En ese local se juntaban los cabros de grado técnico para organizar  “La Quemazón del Pato” todos los fines de año sin fecha fija. El Pato era el sobrenombre del Inspector General a  quien nadie quería, que nadie sabía lo que hacía y por qué pedía cartas del apoderado para cualquier cosa.

La quemazón era un zafarrancho que partía justo a la media noche, con el toque desenfrenado de la campana de la Escuela. Todos los internos bajábamos al patio y se iniciaba el juicio al Pato, el que siempre resultaba condenado a la hoguera por exceso de cartas del apoderado.

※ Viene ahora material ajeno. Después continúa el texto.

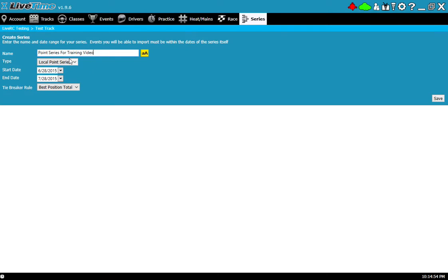Additionally I'll be able to select the type. Right now the only option is Local Point Series. We're looking to add more of these and more types in the future so stay tuned for that.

Después que se quemaba el mono, comenzaba la batalla campal de almohadonazos entre los internos de oficios y los internos de grado técnico. El resultado final: un despelote de padre y señor mío, con vidrios rotos y otros destrozos menores y las lanas de las almohadas repartidas por el patio.

Los perritos

Circulaba la  leyenda que esos dos perros de bronce que flanquean el patio de entrada de la EAO, así como la bomba hidráulica que estaba en el patio interior, por el lado del Taller de Forja y un tremendo torno de seis metros de bancada que estaba en el Taller Mecánico, formaban parte de los trofeos de la Guerra del Pacífico.

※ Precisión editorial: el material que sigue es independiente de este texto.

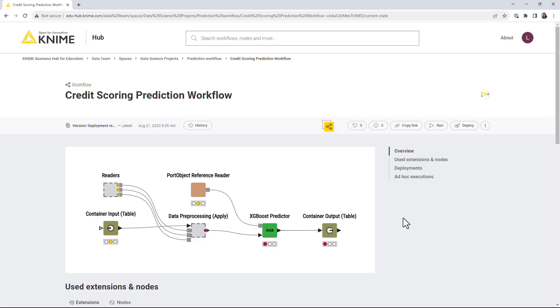If a service needs to be able to accept or return data from and to the requesting client, make sure that the workflow has the relevant container input or output nodes.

Al parecer, con el paso del tiempo, todo lo relacionado con la EAO ha sido investido con un halo de leyenda, pero lo aquí contado es lo vivido; son todos estos recuerdos vividos que dedico a todos los trabajadores anónimos de la Madre Escuela: al jardinero, a los maestros de la cocina y a todos quienes nos servían el desayuno, el almuerzo y la cena. A los auxiliares de aseo de los dormitorios, a los auxiliares de aseo de los patios y las salas, a los porteros que hacían la vista gorda cuando nos escurríamos a la calle, al bodeguero y los maestros ayudantes del Taller de Fundición.

También dedico mis reminiscencias a Don Enrique Kirberg, en cuyo periodo como rector de la UTE se formó el Instituto Tecnológico, del cual egresé. Y, por supuesto a mi hijo Carlos Enrique Cid Arce, quien fue Presidente del Centro de Alumnos del Departamento de Matemática y Delegado ante el Consejo Académico de la Usach.

Por  último –y de manera particular- dedico estos recuerdos que registra mi memoria a los lectores y lectoras de este medio institucional que me ha dado la posibilidad de refrescarlos y refrescarme.

… Me  percato que  estas evocaciones ya no son mías y me alegro de no haberlas sellado con el candado que me regaló sólo ayer, mi abuela Felipa.

(*) Carlos Cid Luengo es egresado de Grado de Oficio, Fundición, de la EAO, 1959. Dibujante Técnico. Egresado de la primera promoción, Técnico en Instrumentación Industrial, del Instituto Tecnológico U.T.E, 1971. Desde 1972 a 2009, su actividad profesional fue la de proyectista instrumentista.